Study material below:

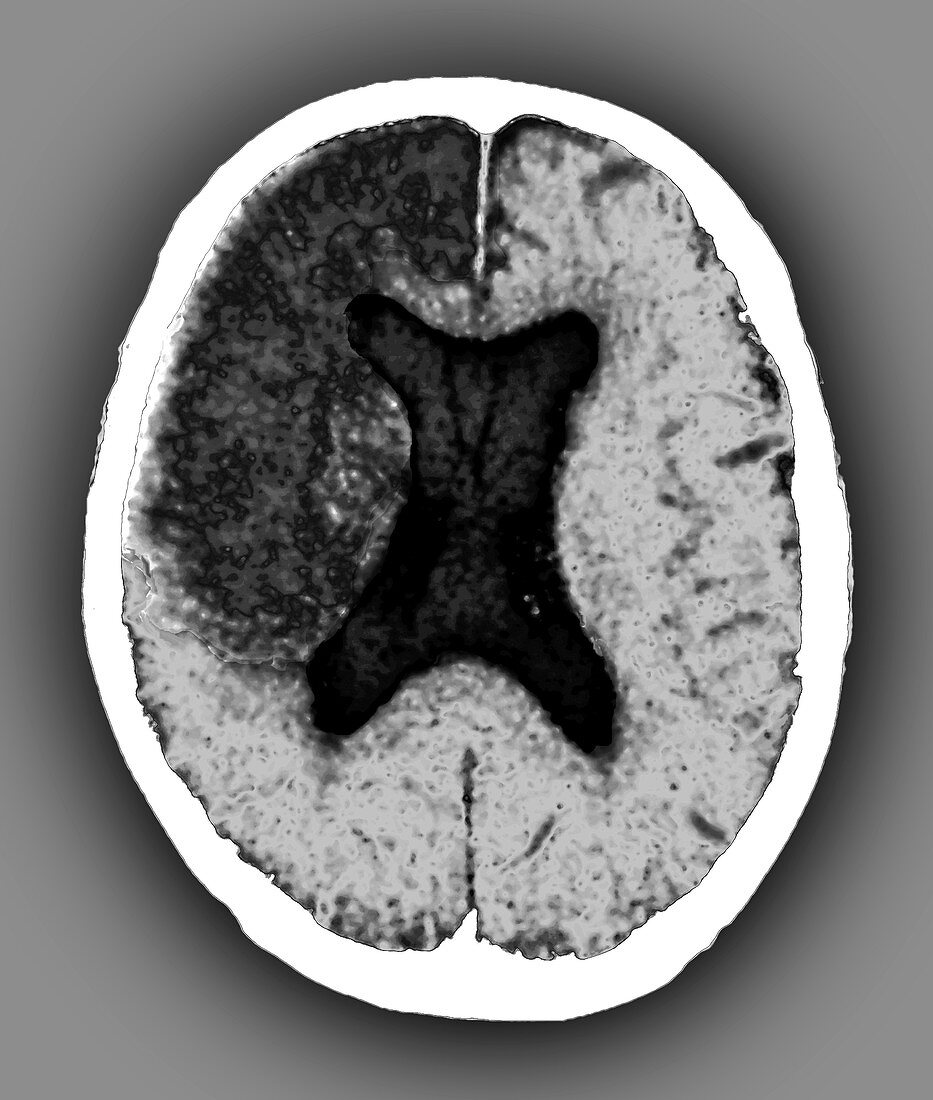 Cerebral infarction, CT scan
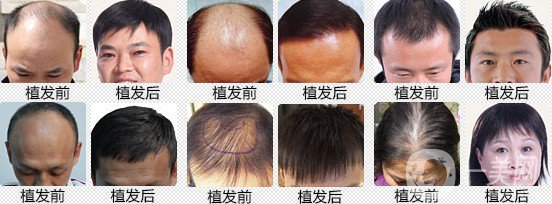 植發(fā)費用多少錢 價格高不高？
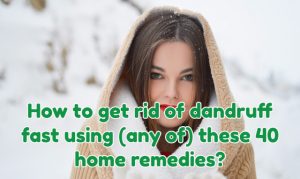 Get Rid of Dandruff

End of Study material.
Study material below:

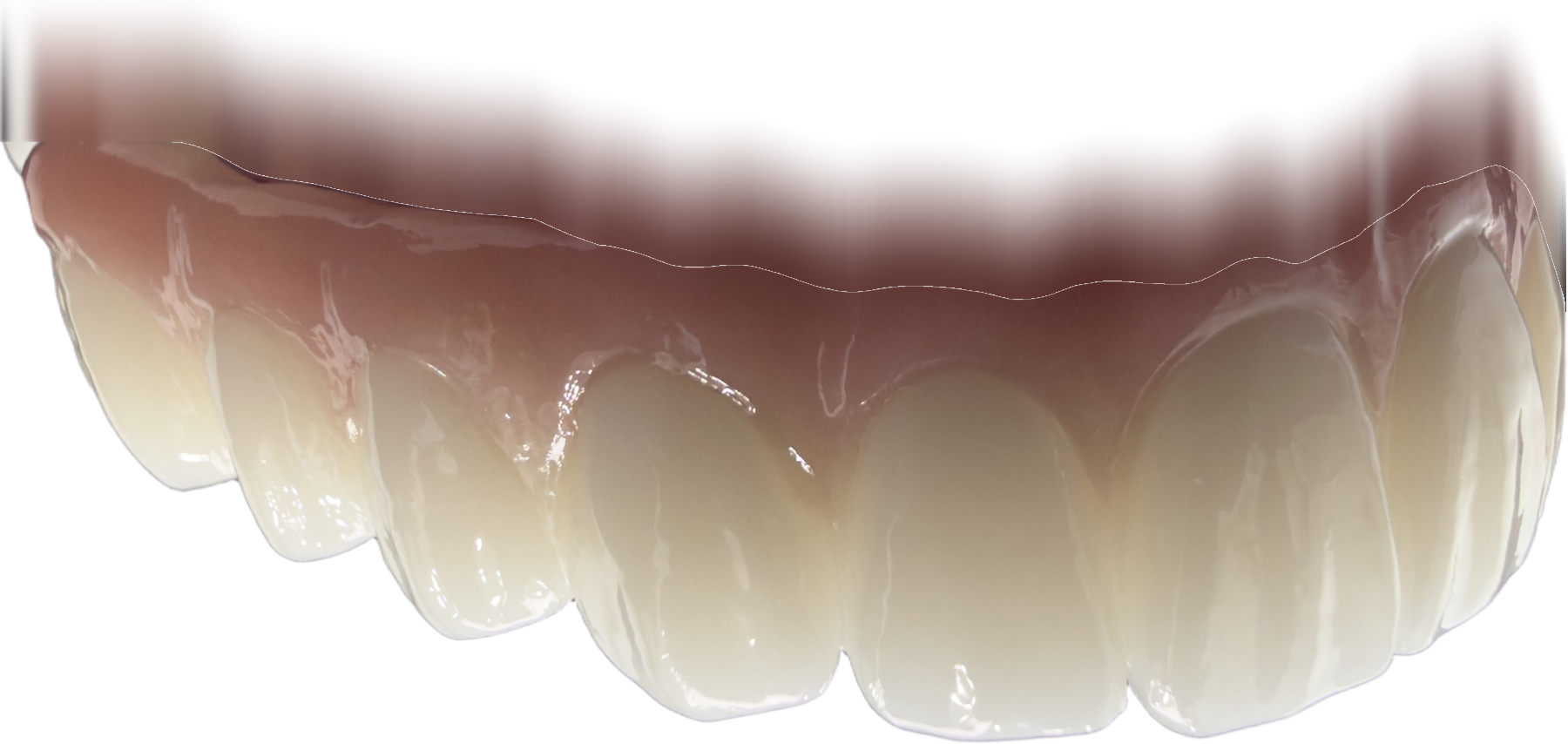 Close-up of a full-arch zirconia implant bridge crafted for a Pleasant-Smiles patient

End of Study material.
Study material below:

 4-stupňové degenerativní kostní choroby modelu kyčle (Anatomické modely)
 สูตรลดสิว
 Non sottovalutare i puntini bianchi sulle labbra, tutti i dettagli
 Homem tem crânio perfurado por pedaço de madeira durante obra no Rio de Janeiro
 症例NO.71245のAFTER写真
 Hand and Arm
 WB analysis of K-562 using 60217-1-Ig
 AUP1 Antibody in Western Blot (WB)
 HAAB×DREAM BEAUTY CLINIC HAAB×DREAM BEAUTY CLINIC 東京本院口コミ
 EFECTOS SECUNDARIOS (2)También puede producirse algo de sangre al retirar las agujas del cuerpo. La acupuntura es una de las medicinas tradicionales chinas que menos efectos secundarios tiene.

End of Study material.

● Task details
Output exactly the lines above that lie between the line with "Cerebral infarction, CT scan" and the line with "Get Rid of Dandruff", those two lines included, and no pictures.

● Result
 Cerebral infarction, CT scan
 植發(fā)費用多少錢 價格高不高？
 Get Rid of Dandruff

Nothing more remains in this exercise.